De maneiras que, na manhã seguinte, depois do desayuno que também ela nos forneceu, e imediatamente antes de partirmos para a última etapa que nos levaria à catedral de Burgos, foi o simpático e prestável casalinho convidado a registar o daguerreotipo para memória futura. 

E, claro, ela não abdicou de comandar a cena.

Sem nos avisar, em vez do habitual cheese ou patata:

- Todos conmigo ahora: CLITORIS.

sexta-feira, 26 de agosto de 2022

INSTANTÂNEOS XXII


Peregrino que é peregrino janta frugal e deita-se cedo, que no dia seguinte é dia de trabalho árduo.
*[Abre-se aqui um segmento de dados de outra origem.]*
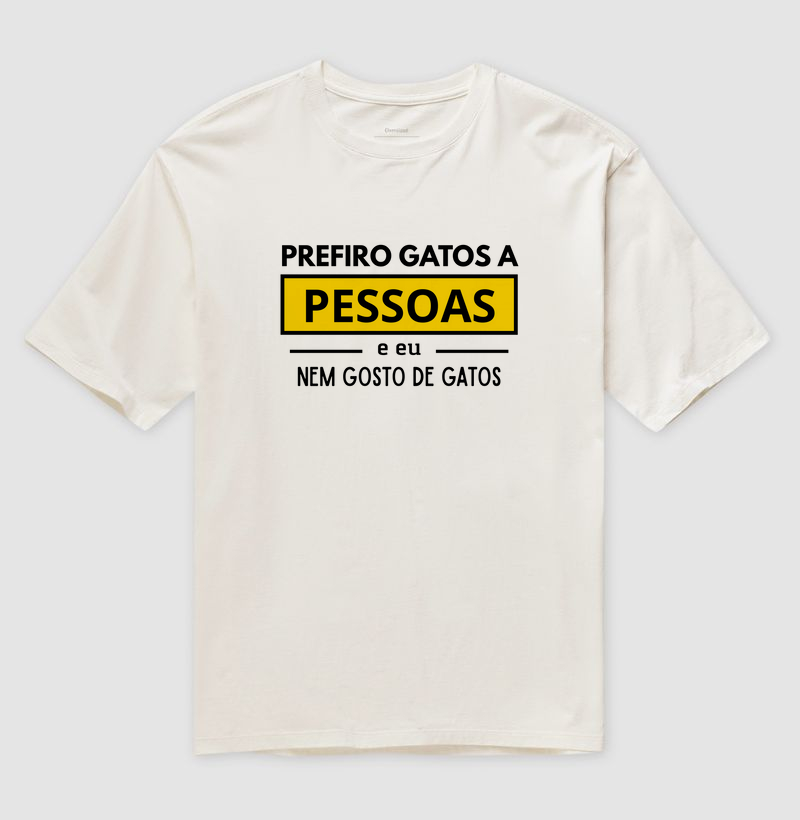 PREFIRO GATOS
Ele sabe bem que não é aconselhável exagerar nas proteínas animais, deve ser contido nas calorias etílicas. Bastas vezes, admite-se (assumindo aquela posição estereotipada do baixar a cabeça e olhar de lado), estes peregrinos prevaricam. Desavergonhadamente.

Com a sensatez que o caracteriza e define, Xaime contratou uma sopa para cada uma das duas noites que dormimos em Silleda. Para a história será secundariamente relevante que as ditas pudessem ser classificadas como tal. Na verdade, aquilo que a senhora galega nos apresentou, com toda a simpatia e boa vontade não pode, nunca por nunca, entrar na categoria de sopa, no exigente padrão português/beirão do que é um caldo. Vá lá! Poderá aceitar-se que são da família. Afastada.
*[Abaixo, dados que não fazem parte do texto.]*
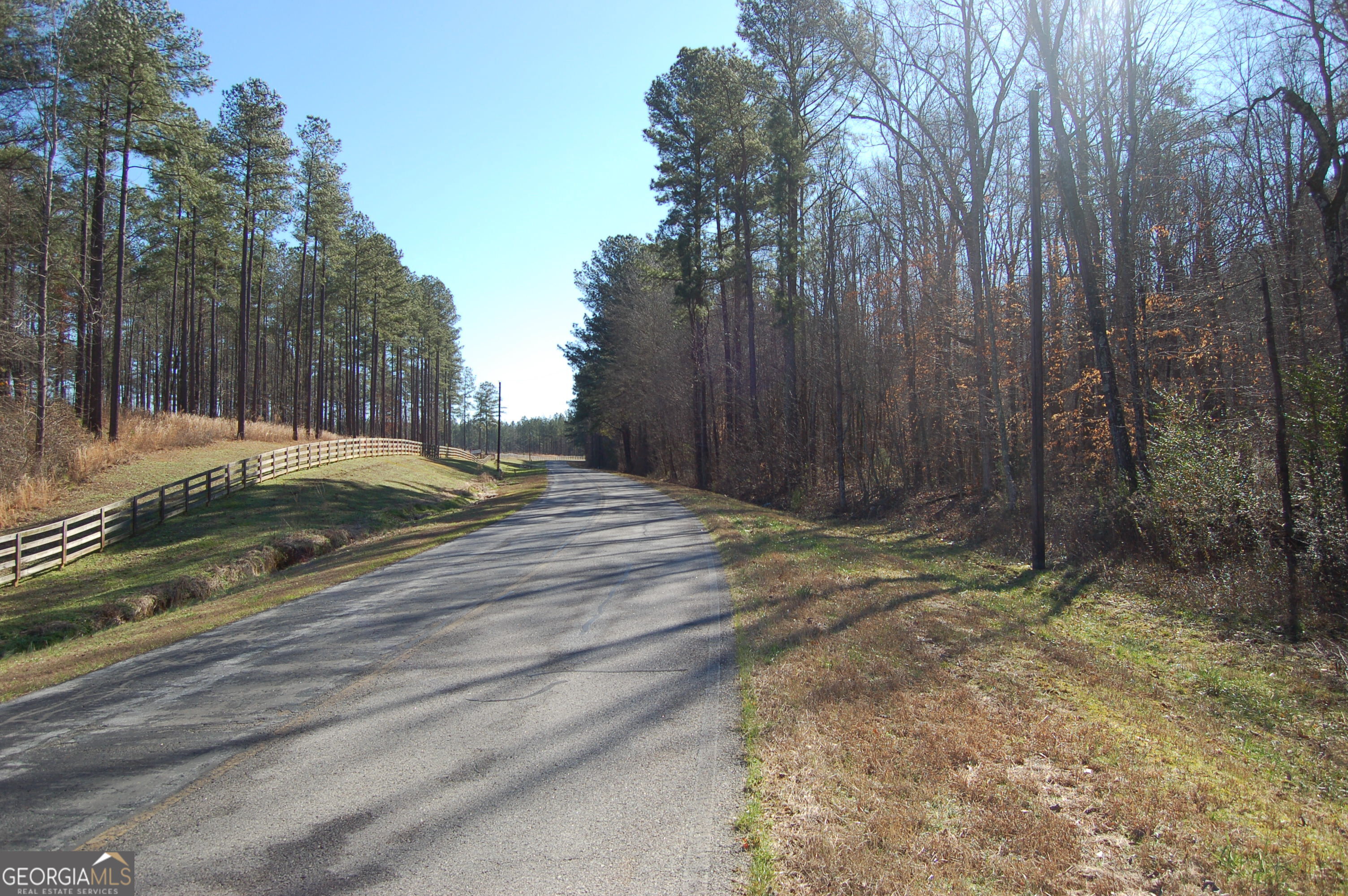 0 Fears Road Rutledge, GA 30663 - Photo 2 of 16 a view of a backyard of the house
A primeira consistia num caldo de água quente no qual boiavam, em cada prato, meia dúzia de pequenos cubos de nabo, uma dezena de pedaços de alho francês cortado grosso e três folhas de espinafre esfarripadas. Não! Não tinha base de courgete e/ou chuchu e/ou abóbora e/ou cebola e/ou alho e/ou cenoura e/ou batata… nada! Tão pouco foi adicionado um fio de azeite na fervura. Só faltava estar ensossa. E estava. Ponto a favor: aconchegadinhos com ela, o descanso nocturno parece que até foi de fracos roncos.

Na segunda noite, fomos brindados com uma espessa massa de cenoura – simplesmente cenoura, sem absolutamente mais nada - daquelas que quase aguenta a colher espetada. Os nossos olhos, consta, ficaram exageradamente bonitos.

Mas o mais relevante para este instantâneo veio com o episódio do pagamento. Para evitar a taxa de levantamento no ATM, a nossa Manela pediu que lhe entregássemos a contribuição de cada um, e ela pagaria a totalidade com o seu cartão.

Já todos tínhamos abandonado o estabelecimento a caminho do albergue quando os últimos reparam que a simpática galega fazedora de “sopas” especiais vem apressada e ar aflito no nosso encalço. Visivelmente incomodada, pergunta quem é que ia pagar a conta.

Rapidamente e com a argúcia de quem tem o bandulho cheio de pasta de cenoura se dá pela mancada: desconhecendo a combinação e porque a Manela não se lembrou de a informar, a senhora tinha debitado apenas a parte dela na sua maquineta.